Please copy each line of the records below that includes the word "saree".

**Stored items:**
--

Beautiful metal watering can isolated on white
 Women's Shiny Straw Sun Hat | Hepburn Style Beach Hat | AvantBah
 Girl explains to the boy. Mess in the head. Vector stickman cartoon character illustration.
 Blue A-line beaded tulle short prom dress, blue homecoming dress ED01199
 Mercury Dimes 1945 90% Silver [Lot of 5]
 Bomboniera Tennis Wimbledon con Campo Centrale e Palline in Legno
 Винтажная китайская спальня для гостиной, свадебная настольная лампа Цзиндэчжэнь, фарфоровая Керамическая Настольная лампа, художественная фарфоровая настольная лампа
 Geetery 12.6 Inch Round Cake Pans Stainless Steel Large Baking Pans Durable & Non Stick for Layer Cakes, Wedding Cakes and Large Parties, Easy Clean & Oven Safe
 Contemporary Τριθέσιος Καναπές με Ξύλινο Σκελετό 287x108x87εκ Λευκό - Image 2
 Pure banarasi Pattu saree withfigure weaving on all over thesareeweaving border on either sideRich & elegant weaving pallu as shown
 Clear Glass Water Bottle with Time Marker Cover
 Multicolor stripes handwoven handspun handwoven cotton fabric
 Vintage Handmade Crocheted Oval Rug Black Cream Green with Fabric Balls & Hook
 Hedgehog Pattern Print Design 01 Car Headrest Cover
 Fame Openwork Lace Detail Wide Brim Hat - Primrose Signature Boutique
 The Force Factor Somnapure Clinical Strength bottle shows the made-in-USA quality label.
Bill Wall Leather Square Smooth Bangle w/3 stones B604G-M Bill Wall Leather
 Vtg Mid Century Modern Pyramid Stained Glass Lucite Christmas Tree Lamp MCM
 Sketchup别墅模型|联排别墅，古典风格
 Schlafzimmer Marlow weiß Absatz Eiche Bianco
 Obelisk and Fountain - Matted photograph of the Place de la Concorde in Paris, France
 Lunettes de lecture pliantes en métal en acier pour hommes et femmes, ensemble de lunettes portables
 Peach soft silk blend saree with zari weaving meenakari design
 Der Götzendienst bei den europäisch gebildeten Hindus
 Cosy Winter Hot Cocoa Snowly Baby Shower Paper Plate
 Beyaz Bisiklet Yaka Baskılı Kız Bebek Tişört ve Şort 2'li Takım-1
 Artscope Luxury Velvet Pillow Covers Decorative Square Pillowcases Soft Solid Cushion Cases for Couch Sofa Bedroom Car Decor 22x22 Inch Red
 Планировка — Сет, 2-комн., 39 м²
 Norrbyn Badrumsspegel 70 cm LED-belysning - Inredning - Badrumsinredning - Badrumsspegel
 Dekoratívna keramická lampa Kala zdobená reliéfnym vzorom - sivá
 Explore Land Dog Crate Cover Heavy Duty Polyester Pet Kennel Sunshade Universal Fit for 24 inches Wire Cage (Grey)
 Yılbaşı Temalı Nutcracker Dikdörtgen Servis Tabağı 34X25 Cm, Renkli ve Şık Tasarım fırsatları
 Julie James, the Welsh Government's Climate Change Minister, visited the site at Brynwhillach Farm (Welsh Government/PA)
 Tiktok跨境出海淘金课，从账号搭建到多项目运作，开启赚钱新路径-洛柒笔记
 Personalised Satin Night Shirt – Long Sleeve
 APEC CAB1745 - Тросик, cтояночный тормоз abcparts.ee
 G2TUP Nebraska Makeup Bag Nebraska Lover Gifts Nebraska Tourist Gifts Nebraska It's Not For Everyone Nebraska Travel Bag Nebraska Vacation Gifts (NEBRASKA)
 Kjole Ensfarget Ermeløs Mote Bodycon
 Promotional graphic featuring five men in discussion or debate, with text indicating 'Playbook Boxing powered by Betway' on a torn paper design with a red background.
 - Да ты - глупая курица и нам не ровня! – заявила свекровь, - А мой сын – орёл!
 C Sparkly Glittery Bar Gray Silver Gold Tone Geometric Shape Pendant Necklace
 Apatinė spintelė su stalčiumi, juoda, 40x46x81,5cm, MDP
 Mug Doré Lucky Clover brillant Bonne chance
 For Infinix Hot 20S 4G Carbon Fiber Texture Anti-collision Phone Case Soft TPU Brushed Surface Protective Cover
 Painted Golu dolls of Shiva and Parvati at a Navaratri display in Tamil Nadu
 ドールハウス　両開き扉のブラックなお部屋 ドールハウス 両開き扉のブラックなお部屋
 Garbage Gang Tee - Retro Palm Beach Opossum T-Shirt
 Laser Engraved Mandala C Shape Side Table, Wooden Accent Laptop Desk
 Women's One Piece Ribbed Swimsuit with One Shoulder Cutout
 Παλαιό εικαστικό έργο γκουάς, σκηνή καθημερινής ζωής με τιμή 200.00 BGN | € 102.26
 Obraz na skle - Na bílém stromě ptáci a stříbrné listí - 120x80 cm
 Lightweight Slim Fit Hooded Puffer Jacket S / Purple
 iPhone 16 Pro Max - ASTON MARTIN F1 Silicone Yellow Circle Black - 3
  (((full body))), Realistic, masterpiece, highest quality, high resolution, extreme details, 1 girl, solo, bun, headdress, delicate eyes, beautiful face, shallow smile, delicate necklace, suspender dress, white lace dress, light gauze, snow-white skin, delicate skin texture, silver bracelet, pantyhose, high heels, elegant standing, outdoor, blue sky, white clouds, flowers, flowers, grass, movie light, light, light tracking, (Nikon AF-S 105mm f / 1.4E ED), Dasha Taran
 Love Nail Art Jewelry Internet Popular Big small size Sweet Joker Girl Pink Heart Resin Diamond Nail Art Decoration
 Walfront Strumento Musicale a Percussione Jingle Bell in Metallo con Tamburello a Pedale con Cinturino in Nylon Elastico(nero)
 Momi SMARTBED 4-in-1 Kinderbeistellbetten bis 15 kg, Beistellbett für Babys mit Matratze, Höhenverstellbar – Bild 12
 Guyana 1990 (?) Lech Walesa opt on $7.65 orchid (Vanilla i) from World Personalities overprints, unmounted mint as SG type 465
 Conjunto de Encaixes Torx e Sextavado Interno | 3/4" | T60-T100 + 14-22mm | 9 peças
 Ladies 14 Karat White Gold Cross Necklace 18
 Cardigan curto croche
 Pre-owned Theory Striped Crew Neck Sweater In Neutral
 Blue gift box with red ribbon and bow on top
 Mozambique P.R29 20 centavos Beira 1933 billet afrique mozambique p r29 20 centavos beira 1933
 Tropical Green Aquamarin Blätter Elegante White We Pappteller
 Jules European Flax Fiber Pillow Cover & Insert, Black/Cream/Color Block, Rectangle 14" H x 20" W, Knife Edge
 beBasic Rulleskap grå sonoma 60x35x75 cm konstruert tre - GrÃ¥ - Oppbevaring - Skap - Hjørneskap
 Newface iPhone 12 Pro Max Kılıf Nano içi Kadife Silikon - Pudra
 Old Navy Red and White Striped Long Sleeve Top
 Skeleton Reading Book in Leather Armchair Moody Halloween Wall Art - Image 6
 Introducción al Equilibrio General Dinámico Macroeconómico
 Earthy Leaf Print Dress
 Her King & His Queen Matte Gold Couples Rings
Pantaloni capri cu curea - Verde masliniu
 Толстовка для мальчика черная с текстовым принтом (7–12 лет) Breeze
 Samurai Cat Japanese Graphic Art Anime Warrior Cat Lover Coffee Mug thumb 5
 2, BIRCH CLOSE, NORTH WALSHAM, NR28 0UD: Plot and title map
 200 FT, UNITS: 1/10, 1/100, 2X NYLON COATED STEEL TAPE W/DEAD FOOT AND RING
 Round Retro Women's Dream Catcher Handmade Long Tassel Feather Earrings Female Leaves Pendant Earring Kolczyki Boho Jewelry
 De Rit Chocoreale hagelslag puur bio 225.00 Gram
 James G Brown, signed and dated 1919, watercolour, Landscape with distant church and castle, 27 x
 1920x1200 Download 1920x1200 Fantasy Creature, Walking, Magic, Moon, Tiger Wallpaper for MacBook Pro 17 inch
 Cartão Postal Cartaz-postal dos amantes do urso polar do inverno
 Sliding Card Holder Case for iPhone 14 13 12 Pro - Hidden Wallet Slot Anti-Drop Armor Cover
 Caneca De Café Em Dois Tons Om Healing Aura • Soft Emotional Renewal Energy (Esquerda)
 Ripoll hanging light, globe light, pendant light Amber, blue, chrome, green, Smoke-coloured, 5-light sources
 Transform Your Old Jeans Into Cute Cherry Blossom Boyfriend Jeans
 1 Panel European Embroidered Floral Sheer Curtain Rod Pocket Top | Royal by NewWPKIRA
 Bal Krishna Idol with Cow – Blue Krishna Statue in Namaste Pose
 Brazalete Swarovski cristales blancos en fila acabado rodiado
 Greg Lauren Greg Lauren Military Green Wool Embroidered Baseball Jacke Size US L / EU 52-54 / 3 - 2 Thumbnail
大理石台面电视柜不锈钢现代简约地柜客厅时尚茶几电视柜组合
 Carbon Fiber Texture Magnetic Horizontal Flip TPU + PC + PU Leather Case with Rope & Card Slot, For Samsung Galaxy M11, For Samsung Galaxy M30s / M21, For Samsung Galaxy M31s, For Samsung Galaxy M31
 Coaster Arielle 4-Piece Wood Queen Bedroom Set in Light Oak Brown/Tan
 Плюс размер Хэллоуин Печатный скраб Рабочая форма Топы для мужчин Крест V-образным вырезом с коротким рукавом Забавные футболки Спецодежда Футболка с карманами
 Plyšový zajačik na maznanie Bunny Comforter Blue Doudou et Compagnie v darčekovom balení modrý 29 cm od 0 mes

--

**ANSWER TO THIS TASK:**
 Pure banarasi Pattu saree withfigure weaving on all over thesareeweaving border on either sideRich & elegant weaving pallu as shown
 Peach soft silk blend saree with zari weaving meenakari design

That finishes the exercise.